Other income declined in 2014 relative to the prior year due primarily to the recognition of income in 2013 related to a settlement
of an appeal to the IRS for tax years 2005 to 2006.
Interest and other expenses were higher in 2014 compared to 2013 due to $13.2 million of costs related to the 2014 retirement of a
portion of debt and due to increased interest expense on debt, partially offset by a higher level of retirement-related costs allocated from
Corporate to our other segments.
Year Ended December 31, 2013 Compared with Year Ended December 31, 2012
Net investment income was lower in 2013 compared to 2012 due to a decrease in the yield on invested assets, a decrease in reported
investment income attributable to tax credit partnerships, and lower short-term interest rates.

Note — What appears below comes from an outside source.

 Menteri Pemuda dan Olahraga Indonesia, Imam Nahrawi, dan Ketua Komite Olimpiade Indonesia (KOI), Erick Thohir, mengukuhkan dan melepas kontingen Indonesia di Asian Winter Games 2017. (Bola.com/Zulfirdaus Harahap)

Other income was higher in 2013 compared to 2012 due primarily to the IRS settlement.
Interest and other expenses were higher in 2013 compared to 2012 due primarily to an increase in interest expense on debt and a
higher level of expense accruals in 2013 relative to the prior year.
Segment Outlook
We are currently holding capital at our insurance subsidiaries and holding companies at levels that exceed our long-term requirements,
and we expect to continue to generate excess capital on an annual basis through our statutory earnings. While we intend to maintain our
disciplined approach to risk management, we believe we are well positioned with substantial flexibility to preserve our capital strength and
at the same time explore opportunities to deploy the excess capital that is generated.